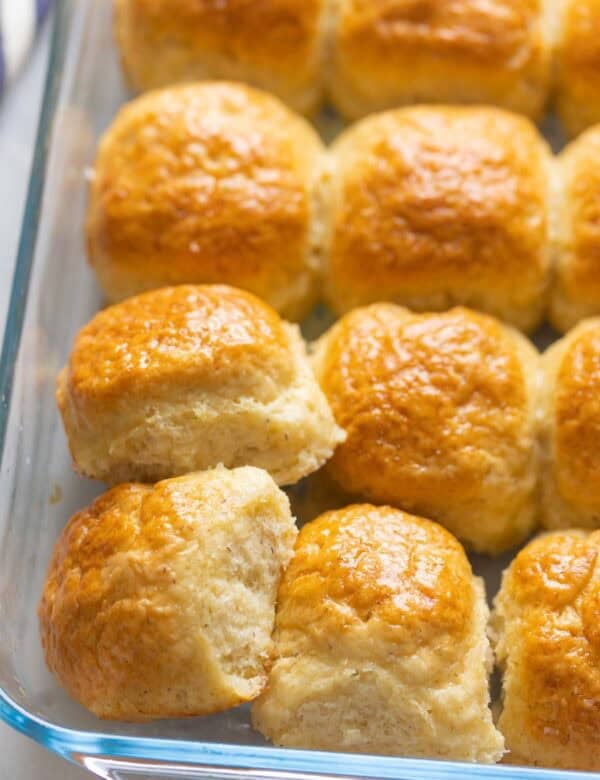 Gluten free dinner rolls in a 9x13-inch glass baking dish - some of the bread rolls are positioned to show the soft middles.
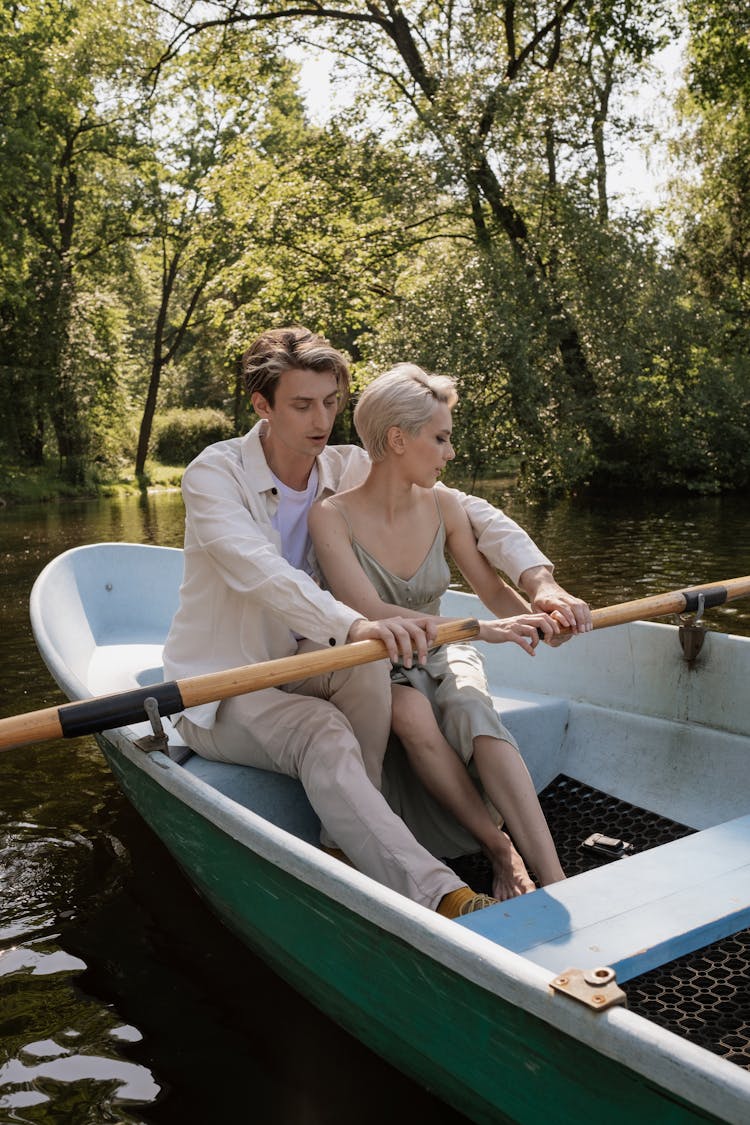 Man And Woman Paddling On A Boat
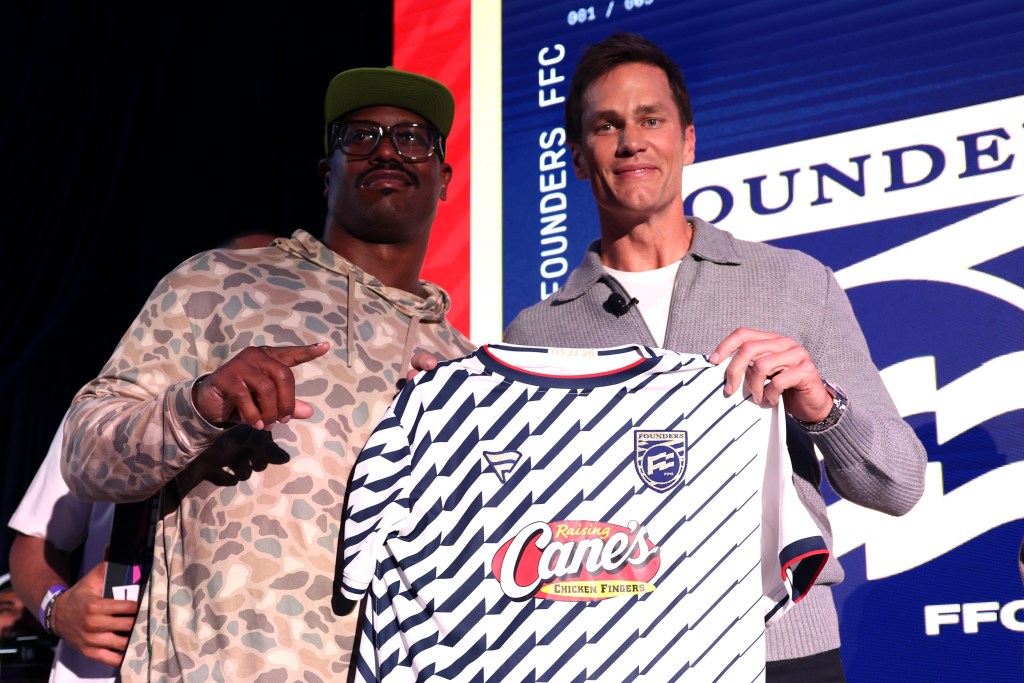 Two men holding a jersey for the Fanatics Flag Football Classic.
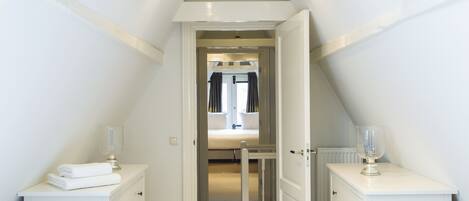 A narrow hallway leading to a bedroom with a bed, a radiator, and a glass door.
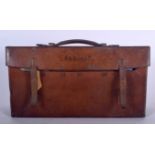 AN ANTIQUE LEATHER TRAVEL BAG, containing maps and a book. 41 cm wide.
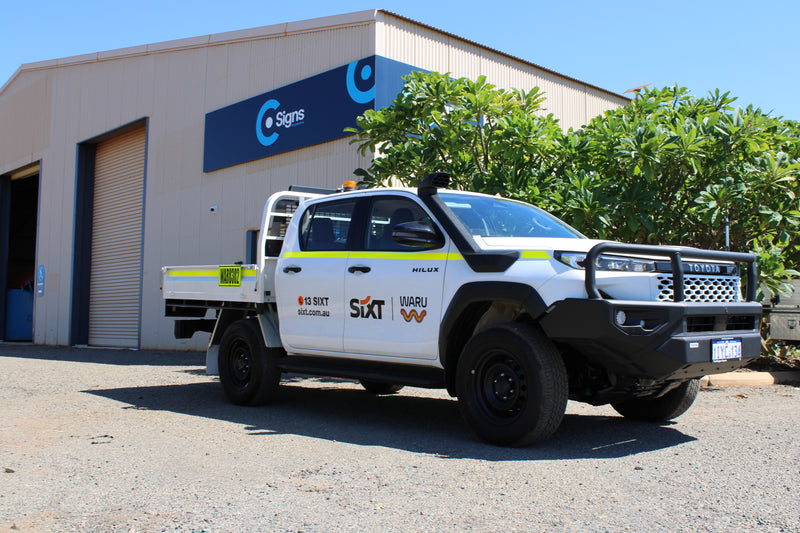Fleet vehicle graphics installed to new Toyota Hilux with reflective tape and assets in Karratha WA by C Signs Pilbara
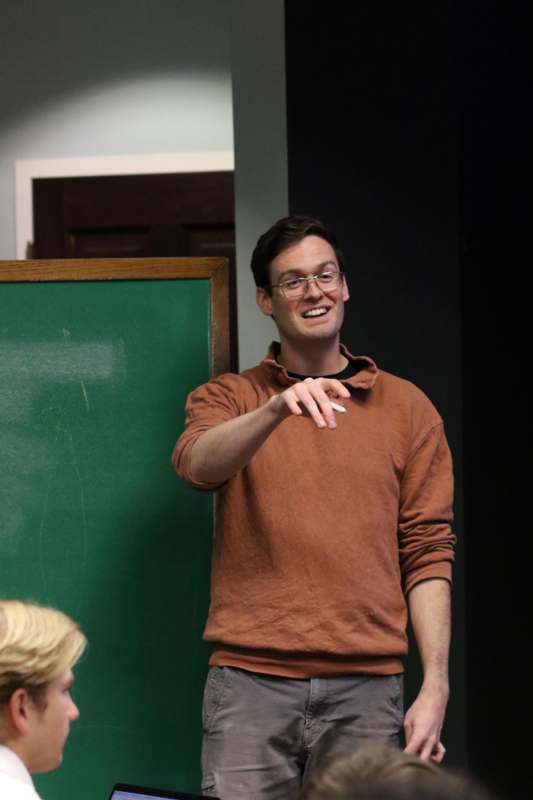a man in glasses and a brown shirt
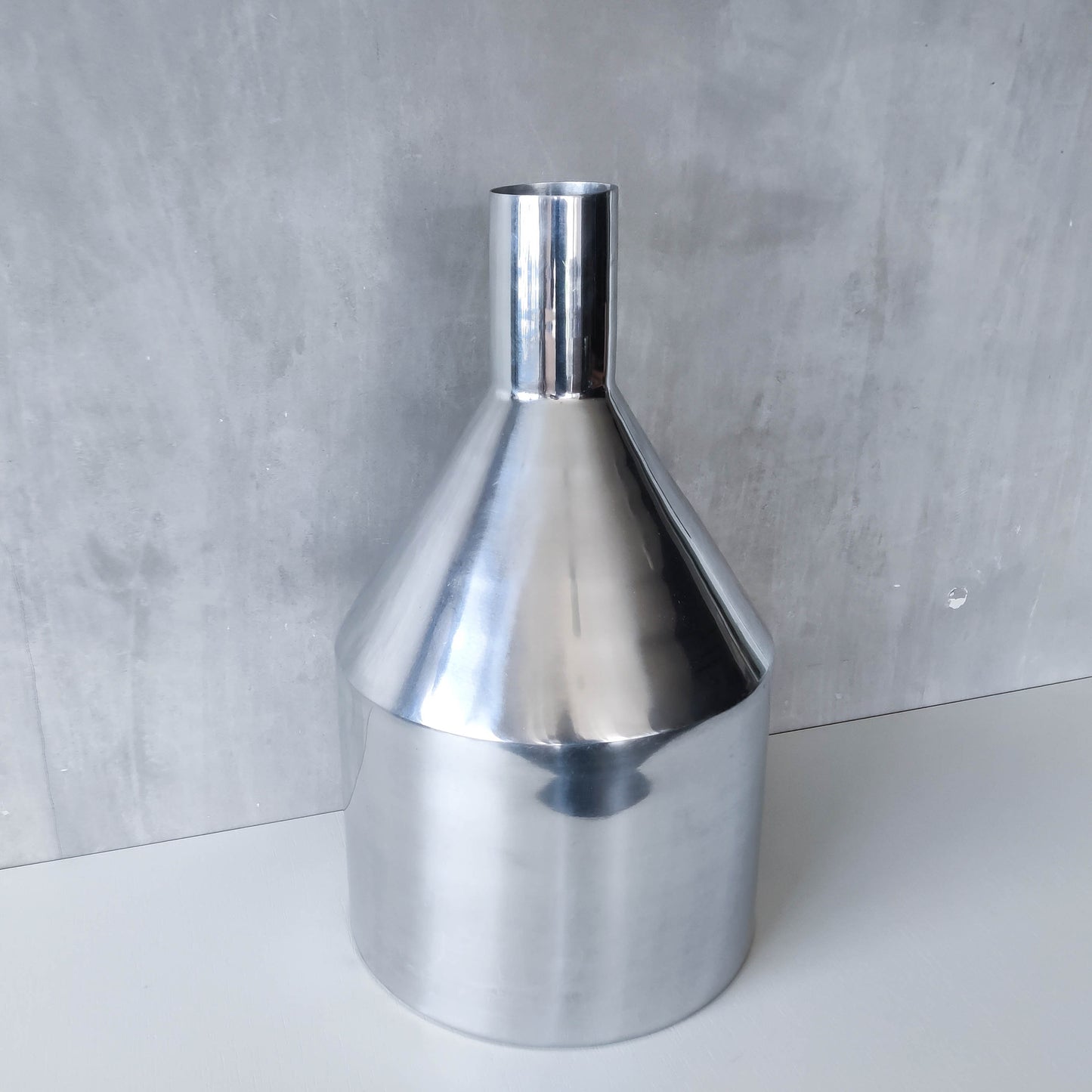 Large cast aluminium sculptural funnel shaped vase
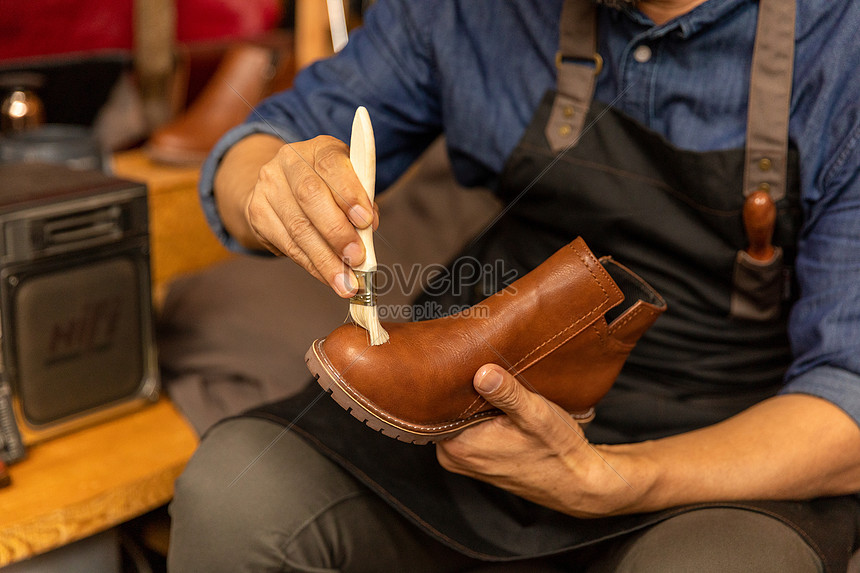 Male shoemaker taking care of leather 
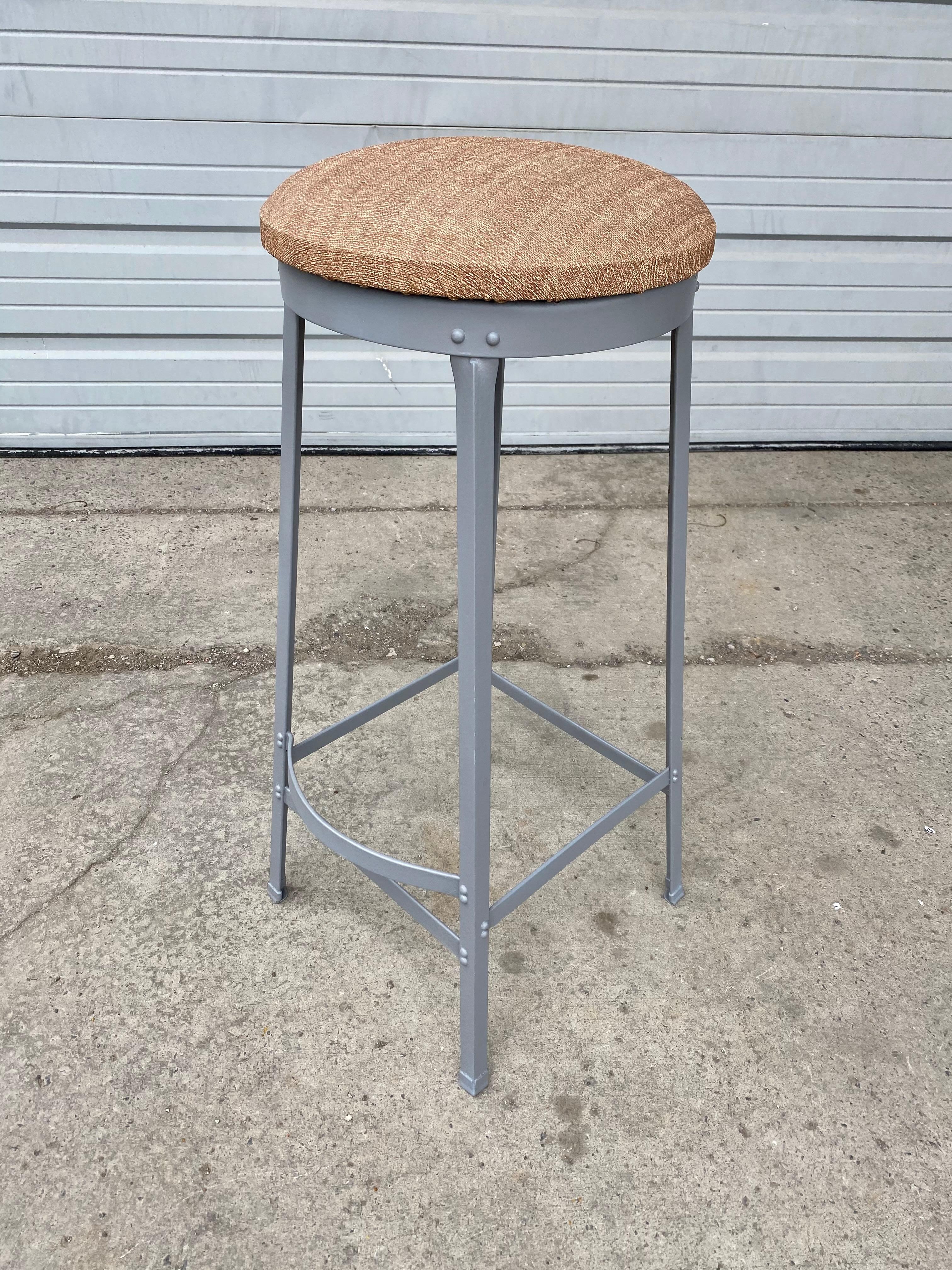 A handsome set of 6 vintage American Industrial iron bar stools with foot rests, bent-stock feet, attributed to Toledo metal furniture, metal recently restored, painted, appears to be original upholstered seats. Hand delivery avail to New York City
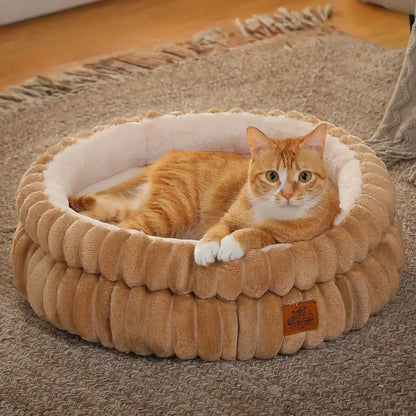 Cat laying in a caramel colored ribbed cat bed in a living room setting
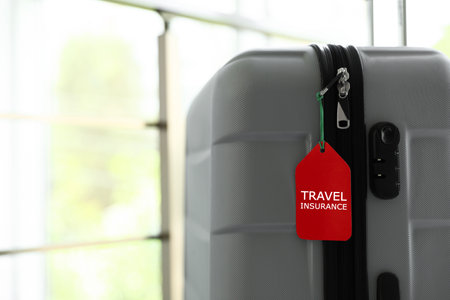 Stylish suitcase with travel insurance label on blurred background, closeup. Space for textの写真素材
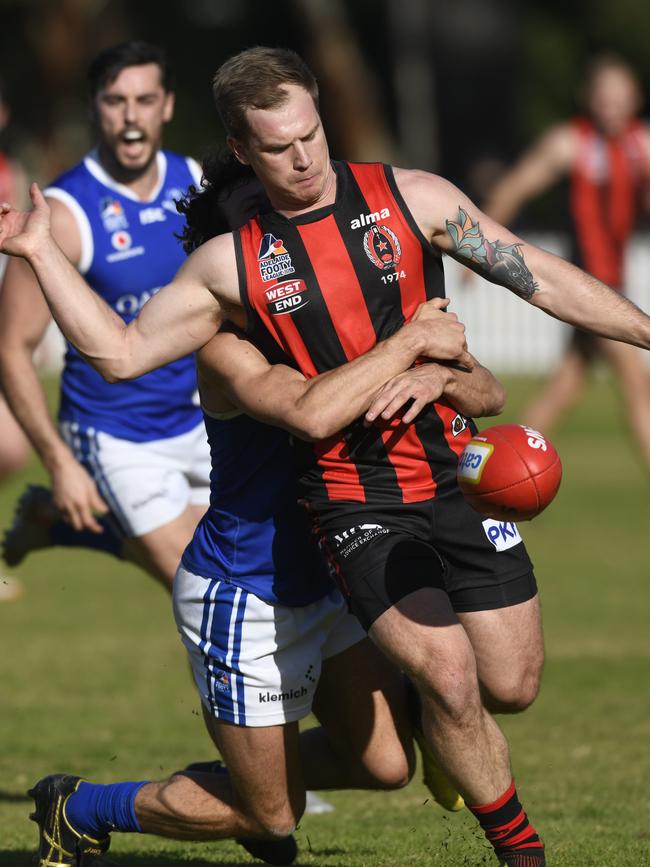 Rostrevor OC’s Dylan Reinbrecht is tackled as he takes a kick on Saturday. Picture: Naomi Jellicoe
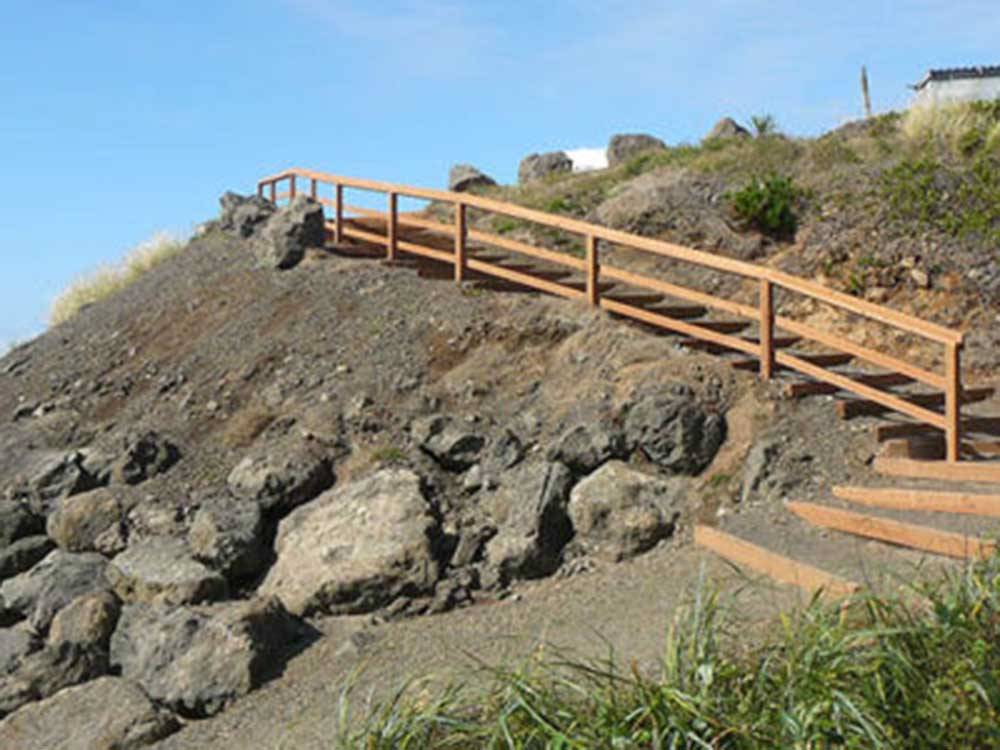 Stairs leading to beach at SEA & SAND RV PARK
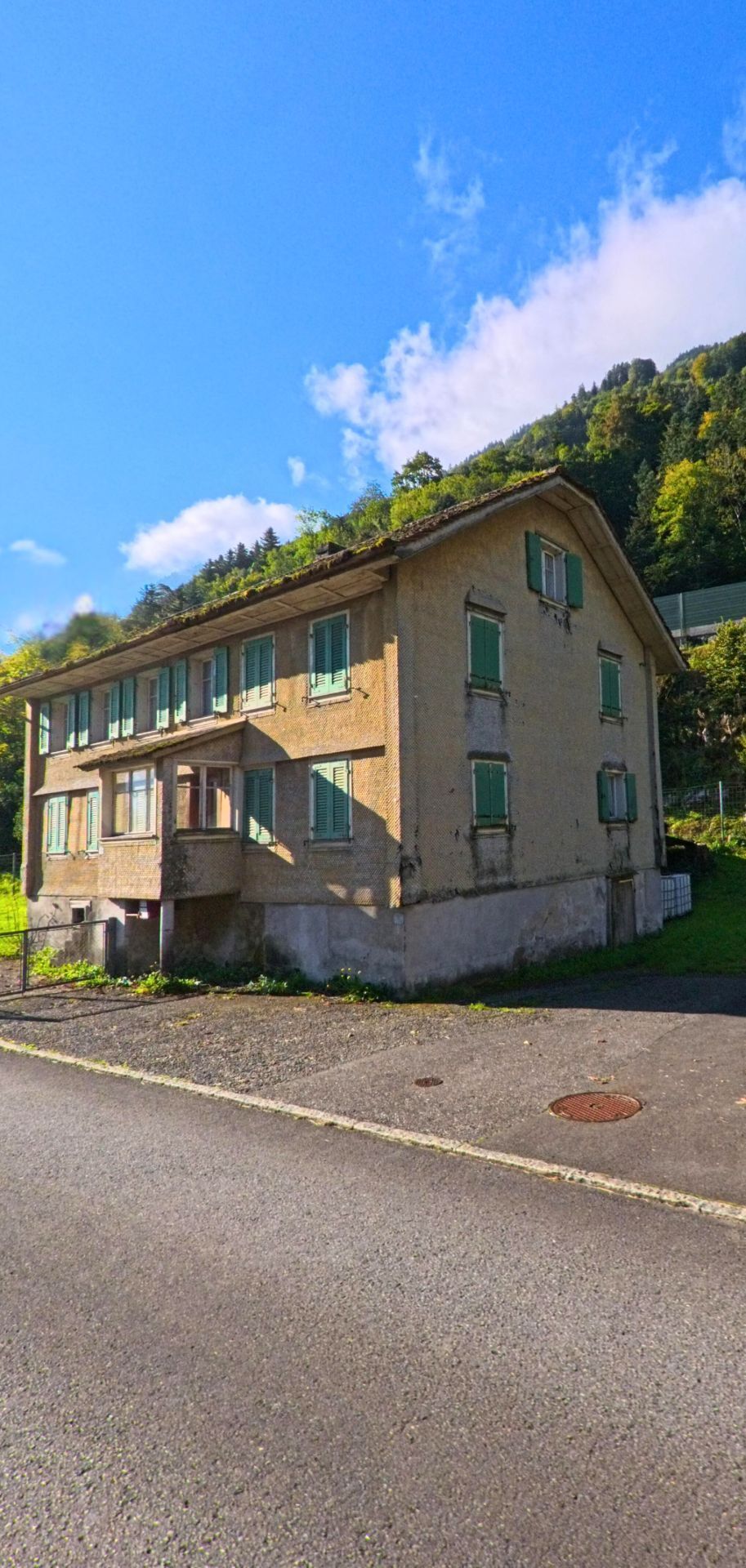 Am Rand einer schmalen Strasse steht ein älteres Wohnhaus mit grünen Fensterläden in Seedorf (6462, Kanton Uri) vor einem bewaldeten Hang.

::::::::

> [Exercise instructions]: For the entries above, print exactly the lines between the one with "a man in glasses and a brown shirt" and the one with "Stylish suitcase with", inclusive, with no pictures.

> [Your solution]:
a man in glasses and a brown shirt
 Large cast aluminium sculptural funnel shaped vase
 Male shoemaker taking care of leather 
 A handsome set of 6 vintage American Industrial iron bar stools with foot rests, bent-stock feet, attributed to Toledo metal furniture, metal recently restored, painted, appears to be original upholstered seats. Hand delivery avail to New York City
 Cat laying in a caramel colored ribbed cat bed in a living room setting
 Stylish suitcase with travel insurance label on blurred background, closeup. Space for textの写真素材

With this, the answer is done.